[ENTRIES SHOWN]

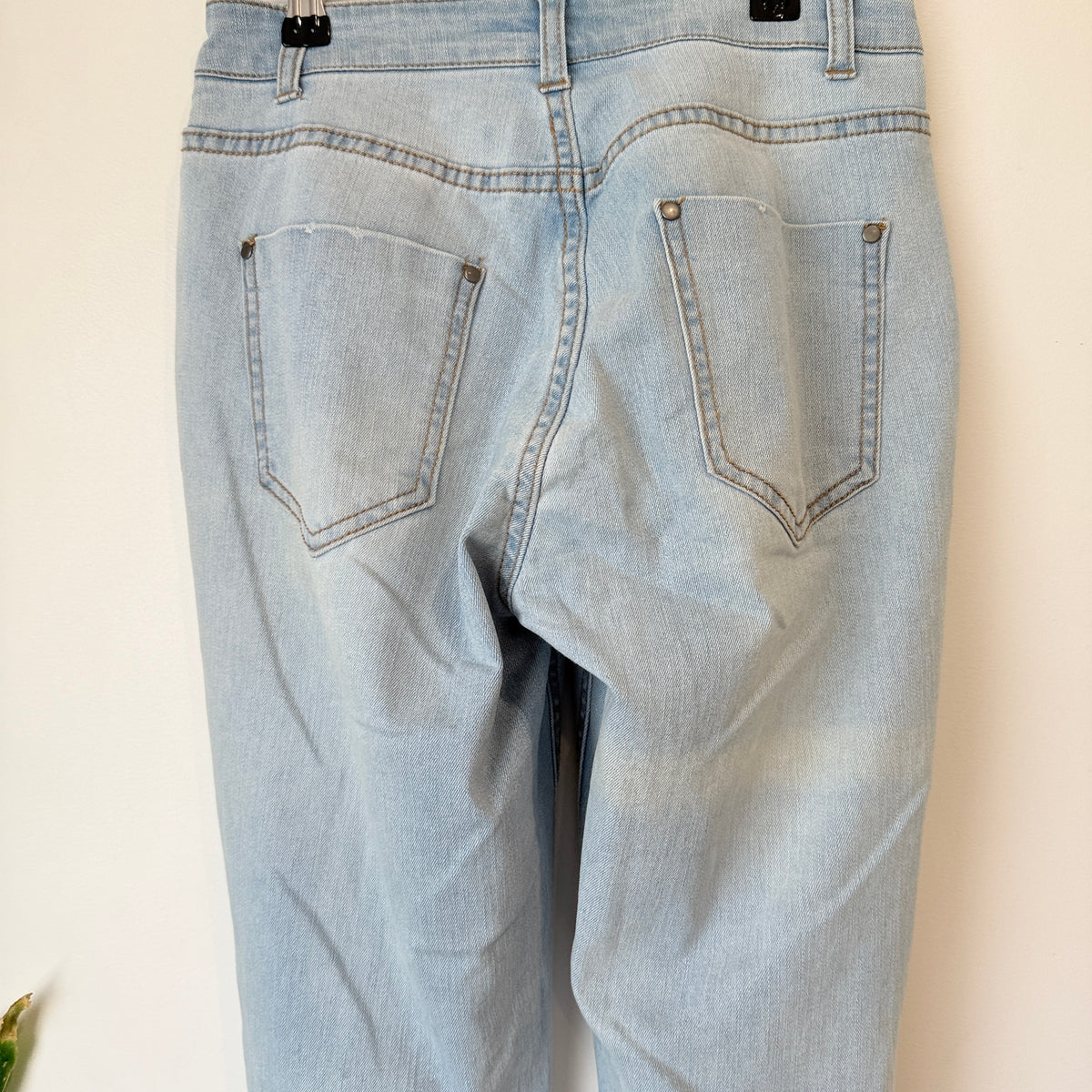 Betty Basics Light Wash Distressed Jeans Size 8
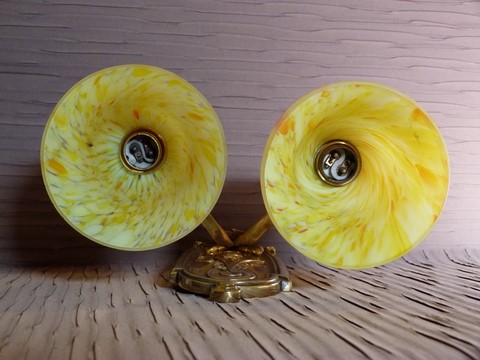 Applique ancienne bronze double feux tulipes jaune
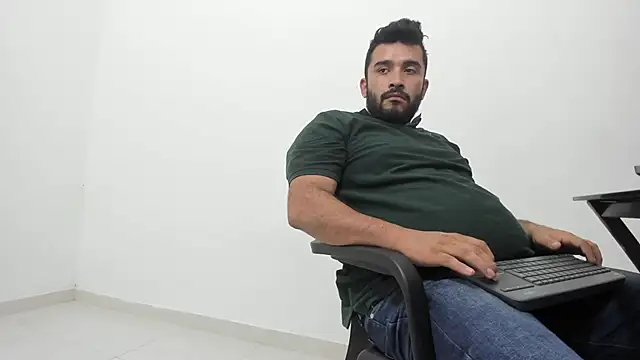 isearchcompany online show from October 2, 2025, 3:10 am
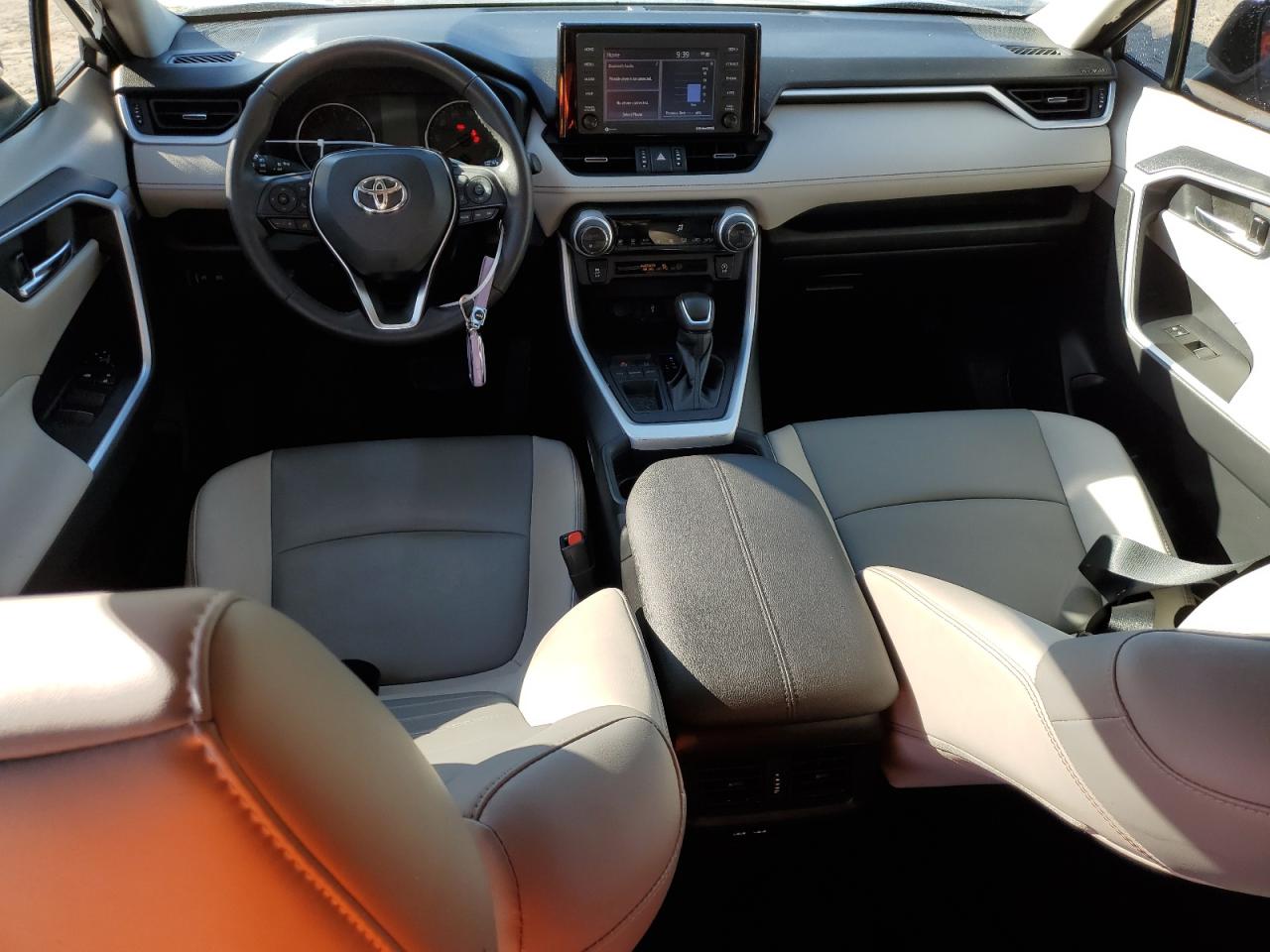 TOYOTA RAV4 XLE PREMIUM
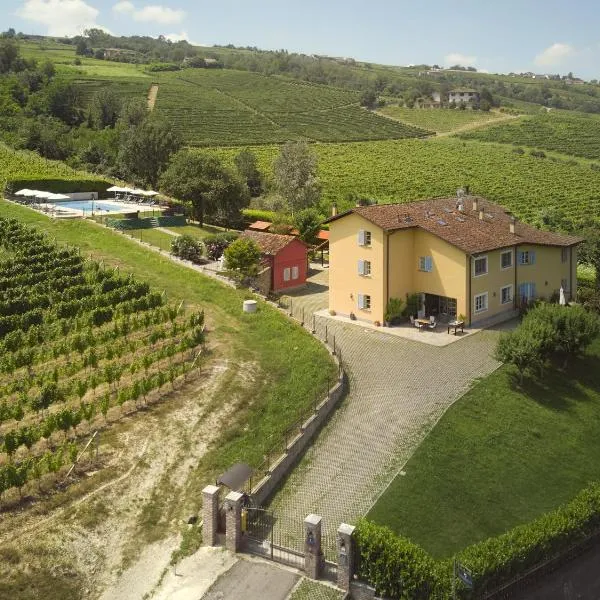 Vigna Dell'Acqua, hotel v destinaci Santo Stefano Belbo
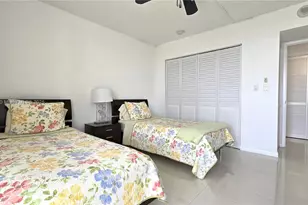 3731 N Country Club Dr, Aventura, FL 33180 - Photo 21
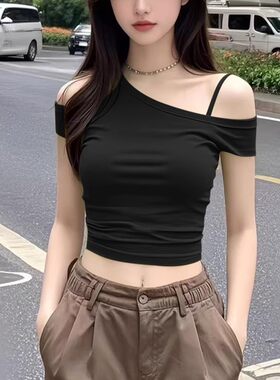 黑色斜领露肩独特别致小上衣女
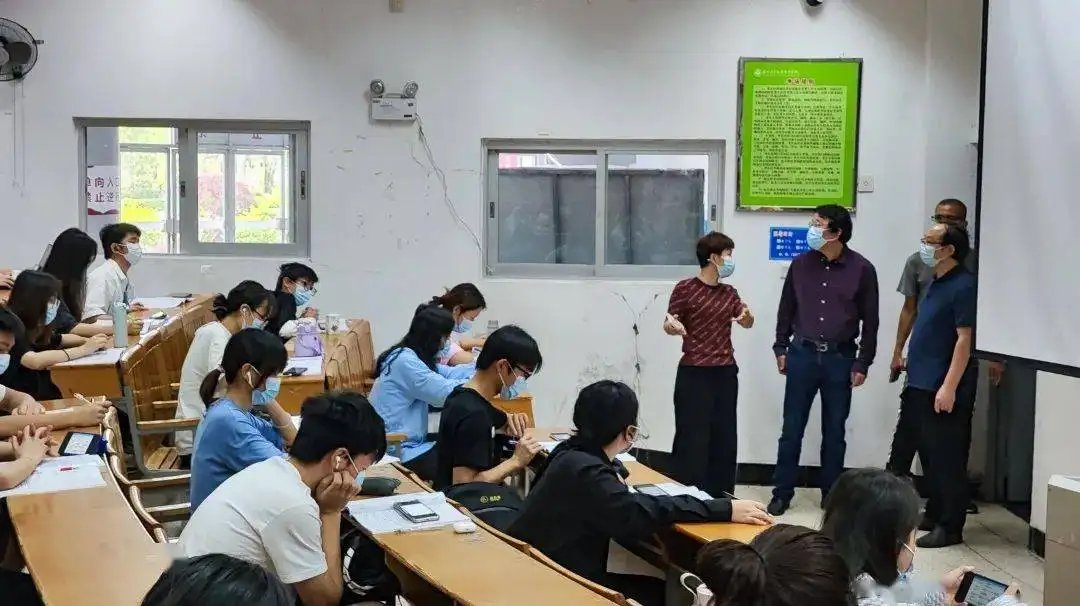 钟南山建议：无疫情学校要开展正常线下教学，如何让家长们无后顾之忧？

[/ENTRIES SHOWN]

TASK
Starting at the line that contains "Applique ancienne bronze", output every line through the end of the data, both ends included, and nothing else; pictures stay out.

WORKED SOLUTION
 Applique ancienne bronze double feux tulipes jaune
 isearchcompany online show from October 2, 2025, 3:10 am
 TOYOTA RAV4 XLE PREMIUM
 Vigna Dell'Acqua, hotel v destinaci Santo Stefano Belbo
 3731 N Country Club Dr, Aventura, FL 33180 - Photo 21
 黑色斜领露肩独特别致小上衣女
 钟南山建议：无疫情学校要开展正常线下教学，如何让家长们无后顾之忧？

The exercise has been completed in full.